⟨

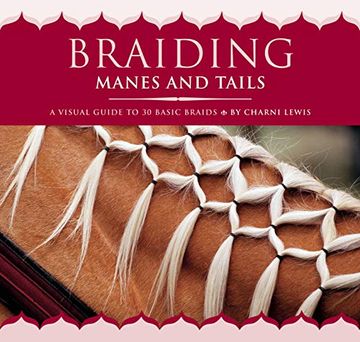 portada Braiding Manes and Tails: A Visual Guide to 30 Basic Braids (en Inglés)
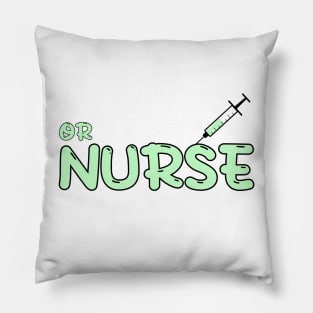 Operating Room (OR) Nurse, Perioperative Nurse Green Pillow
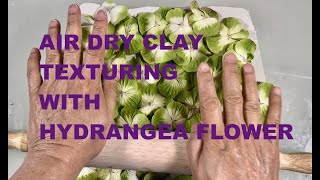 Air Dry Clay using Hydrangea flower to texture. Plus how to paint.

⟩

EXERCISE DESCRIPTION |
Your copy must start at the line that holds "Operating Room (OR)" and end at the last line of the data, both included; it must contain no pictures.

EXERCISE RESULT |
 Operating Room (OR) Nurse, Perioperative Nurse Green Pillow
 Air Dry Clay using Hydrangea flower to texture. Plus how to paint.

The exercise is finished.